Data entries
=== Section Start ===
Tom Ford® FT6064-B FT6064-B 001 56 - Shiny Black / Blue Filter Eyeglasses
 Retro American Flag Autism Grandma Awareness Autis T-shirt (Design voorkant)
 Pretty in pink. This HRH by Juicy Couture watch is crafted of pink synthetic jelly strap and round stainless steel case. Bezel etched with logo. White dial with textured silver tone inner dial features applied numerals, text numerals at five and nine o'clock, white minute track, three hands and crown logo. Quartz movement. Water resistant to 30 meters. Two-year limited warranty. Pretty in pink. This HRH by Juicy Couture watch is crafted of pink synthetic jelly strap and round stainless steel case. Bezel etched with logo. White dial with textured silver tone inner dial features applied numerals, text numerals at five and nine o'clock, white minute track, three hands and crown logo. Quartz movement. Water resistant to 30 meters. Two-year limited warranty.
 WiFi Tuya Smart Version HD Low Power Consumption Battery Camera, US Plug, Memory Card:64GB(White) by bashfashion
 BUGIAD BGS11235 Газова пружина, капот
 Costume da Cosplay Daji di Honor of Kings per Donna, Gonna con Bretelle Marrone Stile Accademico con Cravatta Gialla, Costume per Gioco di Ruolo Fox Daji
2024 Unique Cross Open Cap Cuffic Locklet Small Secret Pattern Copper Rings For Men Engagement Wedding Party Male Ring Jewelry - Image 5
=== Section End ===
**Goal of the exercise**
Of the lines in the data, report each one containing the string "White".

**Solution to this task**
 Pretty in pink. This HRH by Juicy Couture watch is crafted of pink synthetic jelly strap and round stainless steel case. Bezel etched with logo. White dial with textured silver tone inner dial features applied numerals, text numerals at five and nine o'clock, white minute track, three hands and crown logo. Quartz movement. Water resistant to 30 meters. Two-year limited warranty. Pretty in pink. This HRH by Juicy Couture watch is crafted of pink synthetic jelly strap and round stainless steel case. Bezel etched with logo. White dial with textured silver tone inner dial features applied numerals, text numerals at five and nine o'clock, white minute track, three hands and crown logo. Quartz movement. Water resistant to 30 meters. Two-year limited warranty.
 WiFi Tuya Smart Version HD Low Power Consumption Battery Camera, US Plug, Memory Card:64GB(White) by bashfashion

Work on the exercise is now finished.